Each install works just like the original Bodhi install, allowing you to change the username, password, and computer name.
Important Remastersys Requirement
If you are using the kernel that came with your Bodhi Linux installation, which comes with AUFS support, you should be fine. However, if you have upgraded your kernel, you should install the package unionfs-fuse.
This is important: If you do not have either AUFS support or unionfs-fuse installed, your iso will not run. You will create a backup that does not work.
Bodhi Linux’s kernel does not update automatically, which helps to prevent this problem.
Here is what you want to do to use Remastersys.
Step 1: Clean Up Your System
It’s definitely optional, but using Bleachbit or another cleaning program prior to running Remastersys will make the process faster and the backup smaller, at least to some extent.
Step 2: Close Everything
Close up any programs you have open. Browsers, documents, all of it.
Step 3: eSudo
Open eSudo, either by Running Everything or under Applications > System Tools > eSudo.
In the box marked “Command”, enter remastersys-gtk and enter your password in the second box. Hit OK.
Step 4: Settings
Once Remastersys actually pops up, you may get a little window reminding you to close up everything in case you haven’t already. Double check and hit OK.
Optionally, you can go to the Settings tab and make any adjustments necessary.

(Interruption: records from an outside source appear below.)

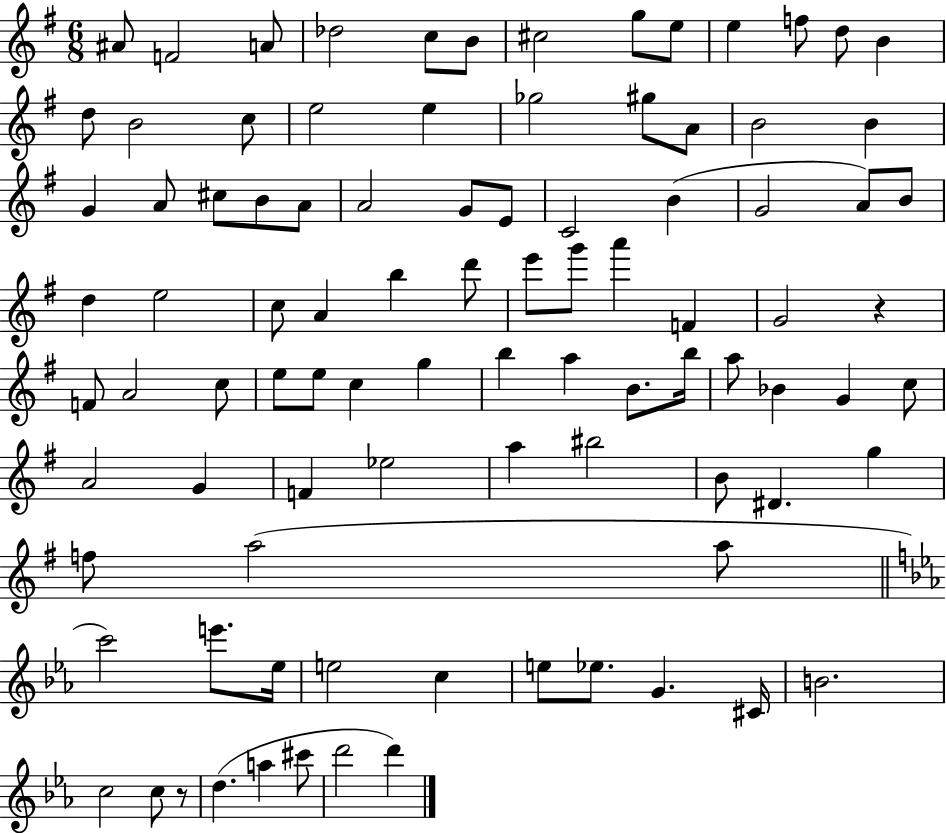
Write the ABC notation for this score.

X:1
T:Untitled
M:6/8
L:1/4
K:G
^A/2 F2 A/2 _d2 c/2 B/2 ^c2 g/2 e/2 e f/2 d/2 B d/2 B2 c/2 e2 e _g2 ^g/2 A/2 B2 B G A/2 ^c/2 B/2 A/2 A2 G/2 E/2 C2 B G2 A/2 B/2 d e2 c/2 A b d'/2 e'/2 g'/2 a' F G2 z F/2 A2 c/2 e/2 e/2 c g b a B/2 b/4 a/2 _B G c/2 A2 G F _e2 a ^b2 B/2 ^D g f/2 a2 a/2 c'2 e'/2 _e/4 e2 c e/2 _e/2 G ^C/4 B2 c2 c/2 z/2 d a ^c'/2 d'2 d'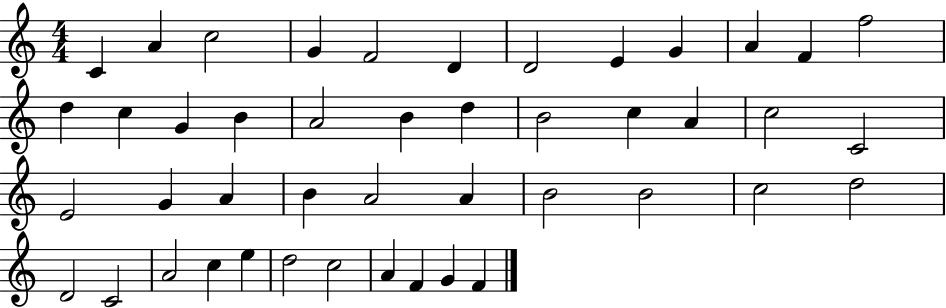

- Username – The username at loading the iso. This name can be changed when the iso is installed.
- CD Label – The name given to the disc or flash drive the iso is put onto.
- Filename – The name of the iso file itself. Changing the filename may be helpful to keep track of multiple iso files.
- Working directory – Where Remastersys will do its work and put the backup.
- Files to exclude – What you don’t want to backup. For instance, if you don’t want to backup your Pictures and Videos folders, you would put
With “username” as your actual username, of course.
- Show install icon on Backup mode desktop – If checked, allows you to install from a backup iso.
If you don’t touch any of the default settings, (which were used to create the Bodhi iso you’re using) you should be fine.
However, it should be noted that if you do not have enough space for your backup, you won’t be able to make the backup. You could change your working directory to that of an outside storage device, such as a portable hard drive.
Step 5: Backup
Go to the Actions tab. Hit Backup.
How long this process takes depends on just how much is being backed up and the speed of the computer. Do not use the computer until Remastersys has finished backing up.
Step 6: Getting the Backup
The backup is located in the working directory.
If you left it as /home/remastersys, you’ll find it there. This does not mean it is in your personal home folder, where you find your Pictures and other folders of yours. That is technically /home/username, so you just need to go up one more directory (into /home) to get to it.
You’ll find the iso file, which uses the name that was set for it in the Settings tab previously. You’ll also find the md5 file for it, allowing you to be able to check the md5sum of the iso as you transfer it to other places.
Using the Backup
The created iso file should work the same way as the Bodhi iso you originally used, except that it has everything you backed up on it.
Isn’t Remastersys Outdated?
It is occasionally suggested that, since Remastersys is no longer being maintained and updated, that Bodhi Linux should not recommend people to use it.
As the old saying goes, “If it ain’t broke, don’t fix it.” Remastersys works. Remastersys is used to create the iso files for Bodhi Linux itself. As Bodhi Linux is about user choice, you are free to choose an alternative, despite Remastersys being already included in every install.